NEW YORK (The Blaze/AP) — In a cab and your cellphone just died? No problem. Just plug it in.
New cabs hitting the streets of New York City next year will have charging ports for riders' electronics. They'll also have more leg room, a large skylight roof to gaze at the city skyscrapers and even odor-reducing and anti-microbial fabric to help deal with, well, you know, anything you might smell in the backseat of a cab.
Check it out:
A prototype of the Nissan NV200 will be unveiled Tuesday. The model was selected from among three finalists in a city competition.
With a boxy shape and painted a brighter yellow than the city's current taxis, the cab offers a different experience for riders — starting with a flat, hump-less floor that makes shifting from one side to the other a simple task.
City Taxi and Limousine Commissioner David Yassky said busy New Yorkers looking to get from point A to point B would find plenty to appreciate about the rides that get them there.
"New Yorkers are pragmatic but they also appreciate quality. This is a higher-quality taxi ride than what they're getting today," he said Monday.
The doors on the vehicles slide open, so no more risk of hitting a passing bicycle messenger, and they'll all come with a navigation system, so no more getting lost in the outer boroughs. There are floor lights, to help find anything that may have fallen to the floor, as well as overhead lights for reading. Luggage can go into the cargo space in the rear.

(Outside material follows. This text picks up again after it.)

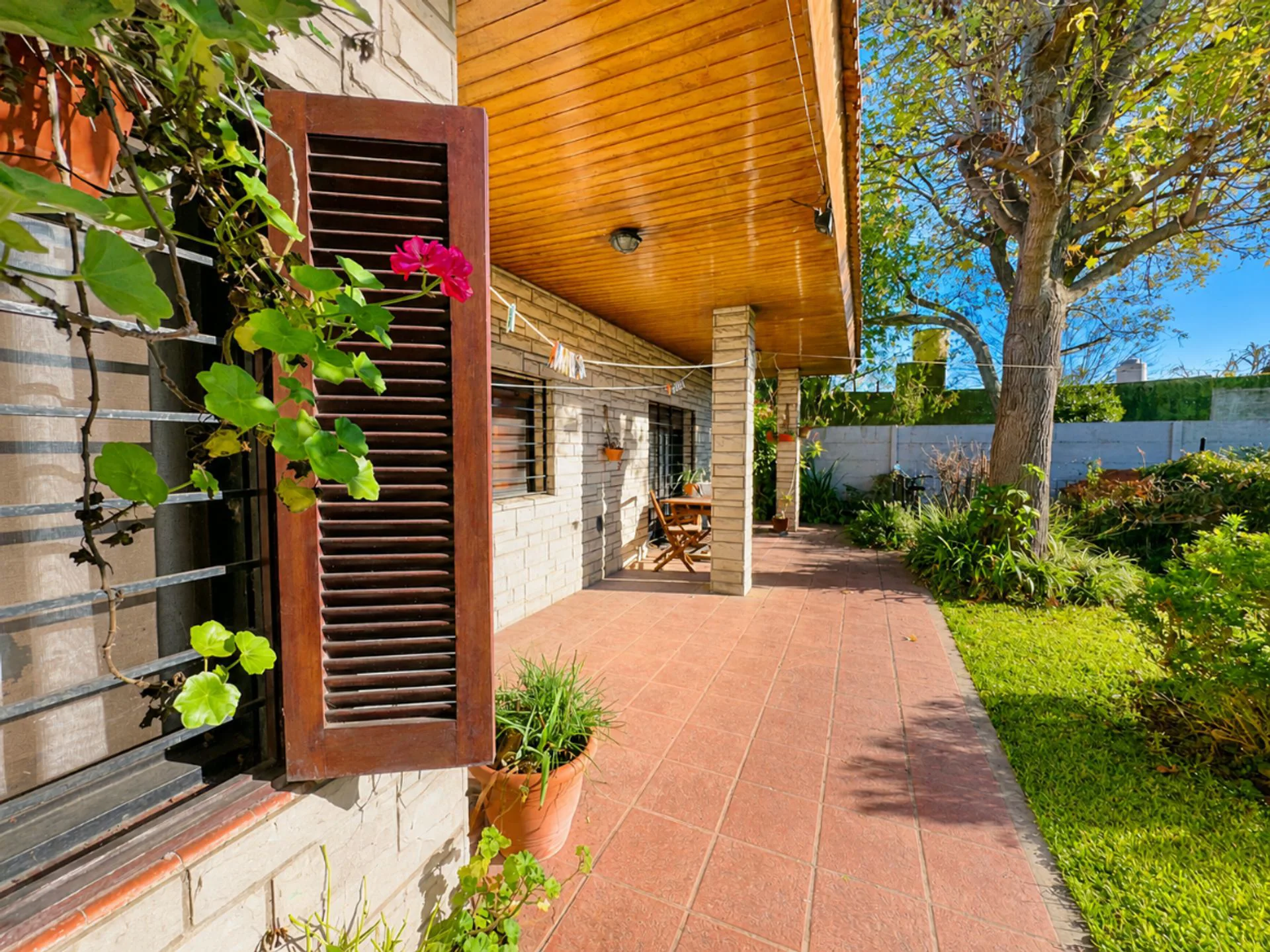 CASA VENTA 4 AMB DON TORCUATO PILETA PARRILLA foto 2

The Nissan van, which beat out proposals from Ford Motor Co. and Turkey's Karsan, will be phased in beginning in October 2013 as older taxis age out of service. All current taxis, including the city's hybrid cabs, will be off the streets by 2018. Nissan spokesman Steven Oldham said the company would be undertaking a pilot program with the Nissan Leaf electric car to see if it would be feasible to make the taxis electric in the coming years.
In the mean time though, there are those who aren't too thrilled about the Nissan replacement taxi, which gets about 25 MPG. The Natural Resource Defense Council is one of them. Mike Izeman writes on the NRDC blog:
As things now stand, however, the contract between Nissan and the City on the Taxi of Tomorrow fails to include clear language relating to the eventual manufacture of these cleaner vehicles. Further, we believe that details included in the current contract have the potential to actually block the introduction of strong hybrid or electric-only taxis into New York City’s fleet.
Removing the current hybrid taxis without ensuring that equally green, or greener electric taxis, could eventually take their place, would be an environmental loss for the city.
The vehicles will sell for about $29,000, and will come with the partitions included, Yassky said. Meters and the medallions will be the responsibilities of the buyers.